**Problem requirements**
Task for the records below: please copy exactly, and only, the lines from the one containing "Photo 1 : Kia Rio 2015 Petrol" to the last line, both included, leaving out the pictures.

== == ==

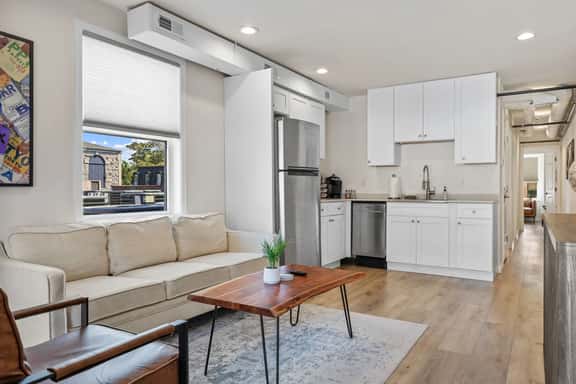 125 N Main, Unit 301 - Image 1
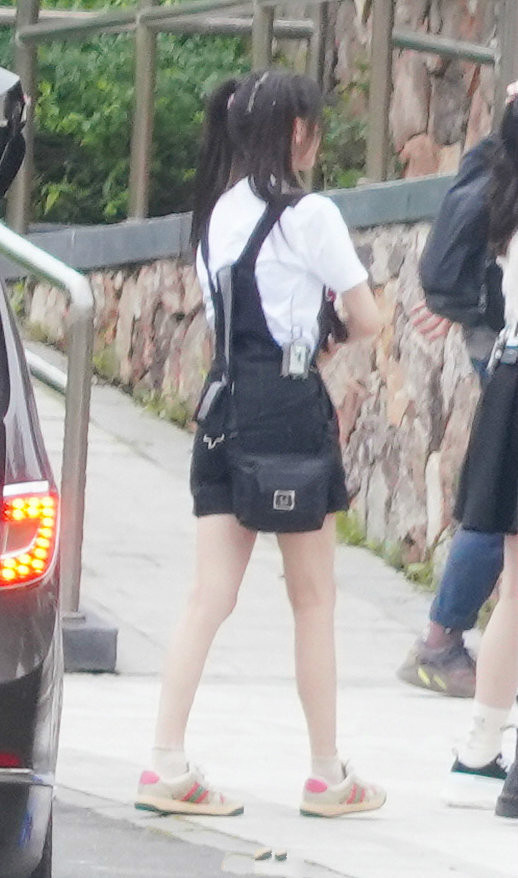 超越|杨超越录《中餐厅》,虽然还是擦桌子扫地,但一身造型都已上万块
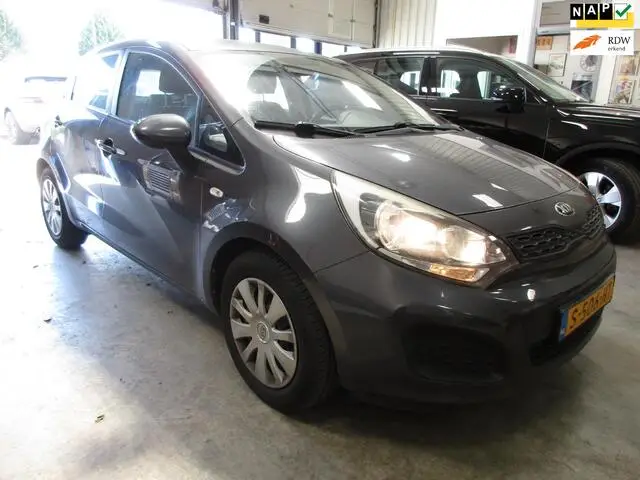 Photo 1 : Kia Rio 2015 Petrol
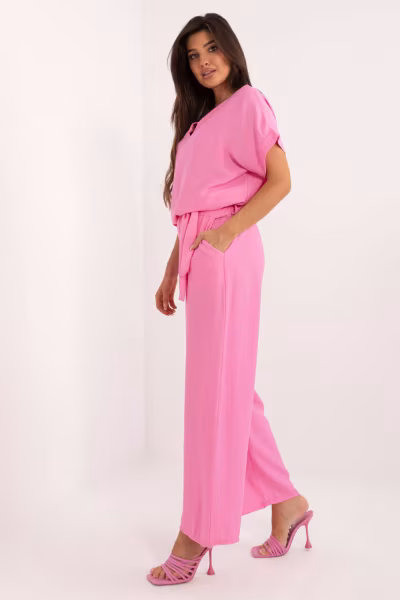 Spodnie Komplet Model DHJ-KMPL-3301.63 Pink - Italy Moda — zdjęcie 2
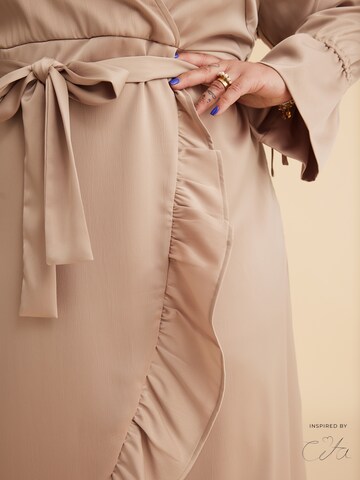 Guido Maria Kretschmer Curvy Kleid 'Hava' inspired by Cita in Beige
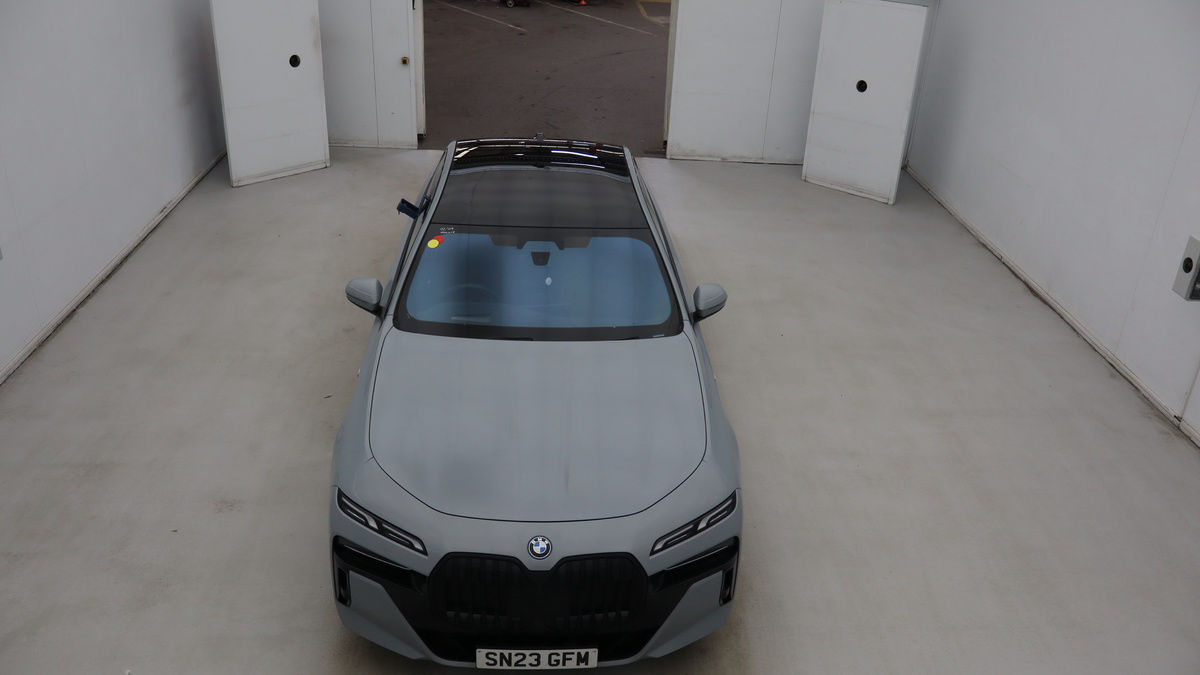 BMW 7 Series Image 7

== == ==

**Response**
 Photo 1 : Kia Rio 2015 Petrol
 Spodnie Komplet Model DHJ-KMPL-3301.63 Pink - Italy Moda — zdjęcie 2
 Guido Maria Kretschmer Curvy Kleid 'Hava' inspired by Cita in Beige
 BMW 7 Series Image 7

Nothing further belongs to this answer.